- Directed by: Al Sutton
- Produced by: Al Sutton Barbara Masry
- Cinematography: Al Sutton Jeff Danneman
- Edited by: Al Sutton Jeanne McGill
- Music by: Maurice Ravel
- Production company: Al Sutton Pictures
- Release date: February 2010;
- Running time: 6 minutes
- Country: United States
- Language: English

= Equality (film) =

Equality is a short film by American filmmaker, Al Sutton, MD, a documentary under the genre of human rights, social issues, history and news. The film contains rare footage of the Women's Strike for Equality, the gender equality protest of August 26, 1970, where more than fifty thousand women and men gathered in New York City to show support for the feminist movement and to commemorate the 50th anniversary of the Nineteenth Amendment to the United States Constitution which gave women the right to vote. It was organized by NOW, the National Organization for Women.

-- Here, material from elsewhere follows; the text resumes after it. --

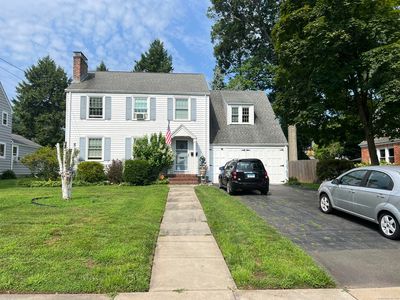 29 Castlewood Road, West Hartford, CT, 06107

While it depicts a positive energy and excitement of the crowds at the 1970 women's march and rally, the film makes the statement that in spite of various attempts to codify equality, for example, the UN General Assembly Bill of Rights of 1979, the statistics related to gender inequality show that areas such as education, earnings, poverty and abuses still need effective change.

This short film, EQUALITY, released in 2010, is a simple documentation of the women's strike that moved forward the United States in terms of gender equality, and perhaps impacted the world. Ravel's "Pavane for a Dead Princess" comprises the musical score.